# Thread: [SOLVED] Orthonormal basis in Hilbert space

1. ## Orthonormal basis in Hilbert space

Hi,
The first part of a problem was to show that if Y is a dense subspace of a separable hilbert space H, then H has an orthonormal basis consisting of elements in Y.
I was able to do this.
The second part of the problem is use this result to prove that if $f\in L^1(\mathbb{R})\setminus L^2(\mathbb{R})$, there is an orthonormal basis $\{g_n\}$ of continuous bounded functions such that $\int_{\mathbb{R}} f(x)g_n(x)\, dx = 0$.

I can see that if we define the linear functional $T$, with domain the set of continuous functions of compact support $C_0(\mathbb{R})$ intersected with $L^2(\mathbb{R})$, by $T(g) = \int_{\mathbb{R}} f(x)g(x) \, dx$, then we want to take $Y$ to be $\ker T$ and $H = L^2(\mathbb{R})$ in the above result.

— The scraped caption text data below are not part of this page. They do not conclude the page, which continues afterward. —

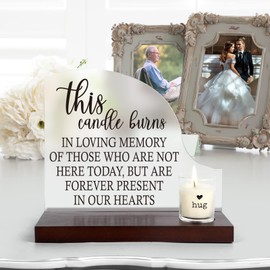 in loving memory wedding sign,wedding decorations,memorial candle,in memory of loved one gifts,wedding signs for ceremony and reception,fall wedding decorations,yahrzeit memorial candles,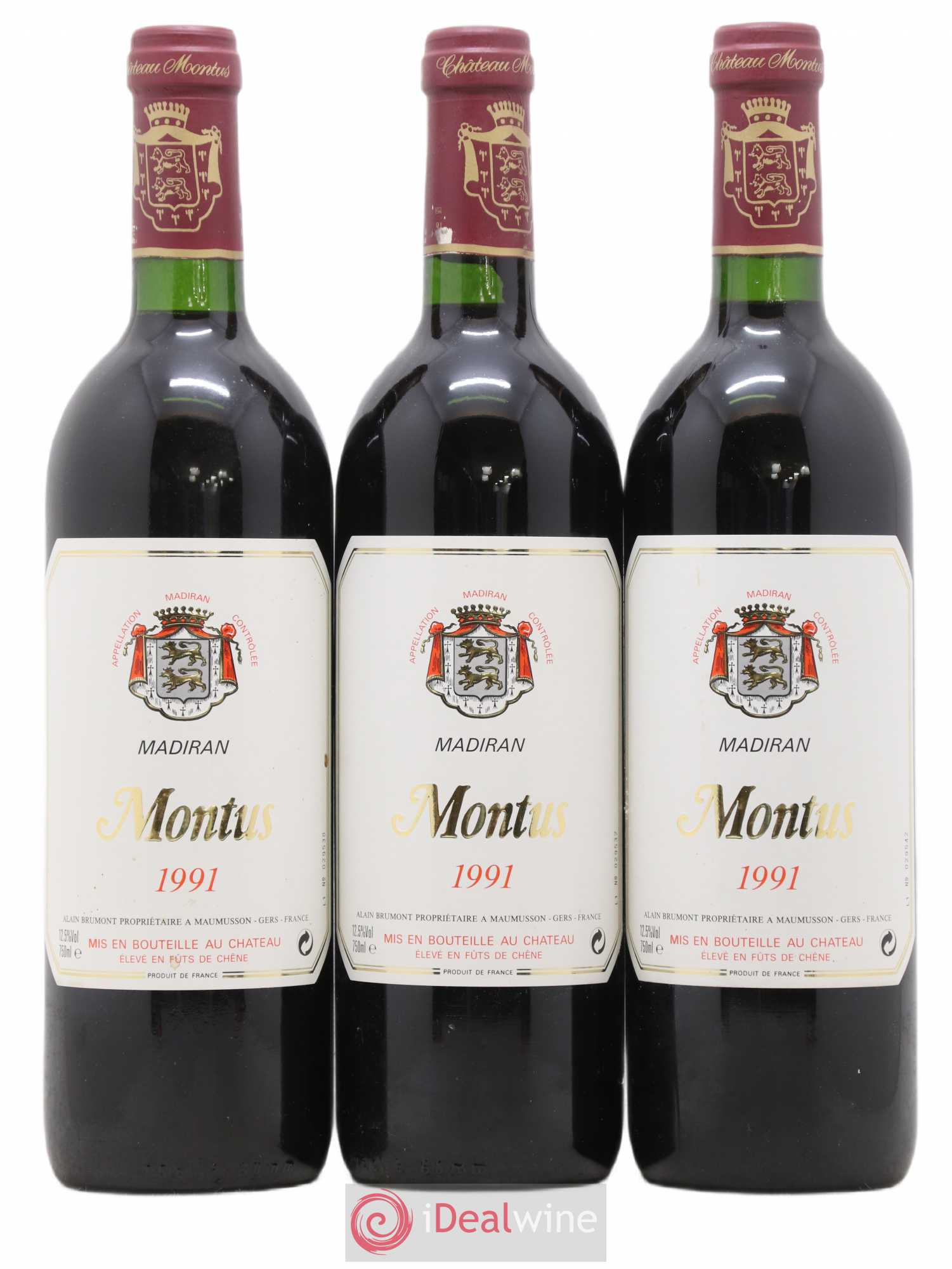 Madiran Château Montus Alain Brumont 1991 - Lot de 12 bouteilles - 4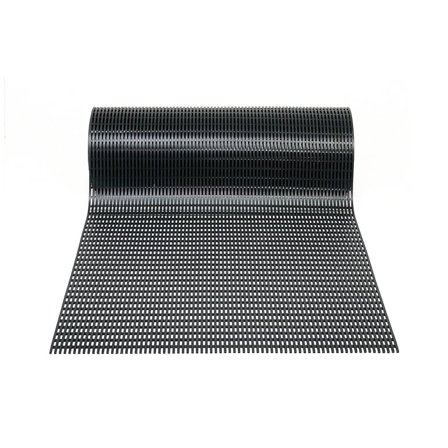 Industrial anti-slip mat CHANNEL, 1000 mm x 10 m, black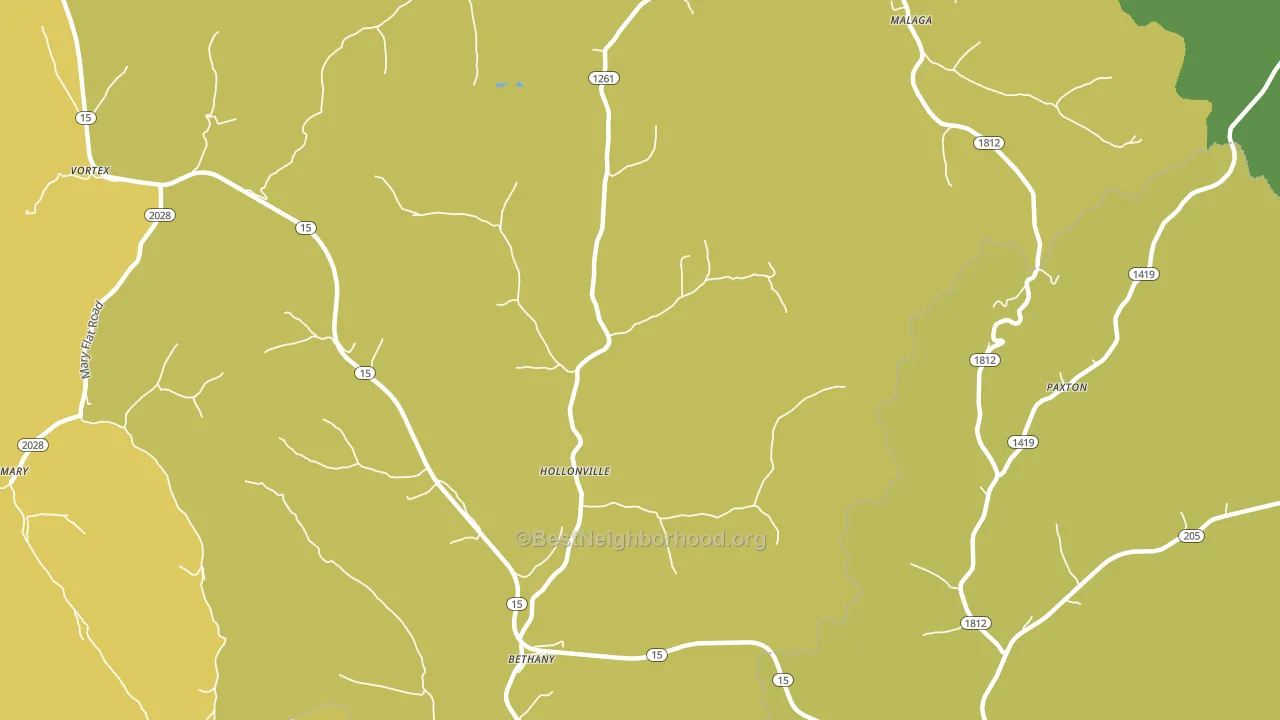 Hollonville, KY block-group voter-turnout map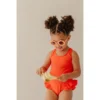 Joss + J Salty Orange Ruffle Swim Suit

It suffices to show $\ker T$ is dense in $C_0(\mathbb{R})\cap L^2(\mathbb{R})$ since $C_0(\mathbb{R})$ is dense in $L^2(\mathbb{R})$. I know that this is equivalent to $T$ being discontinuous (ie. unbounded), but I'm getting stuck on using that $f$ isn't in $L^2(\mathbb{R})$ to show $T$ is unbounded.

Is this the right idea? If so, how can we use that $f$ is not in $L^2(\mathbb{R})$ to show that $T$ is unbounded?

Many thanks.

Edit: I hadn't solved the problem, but thought the above was too wordy so wished to replace it.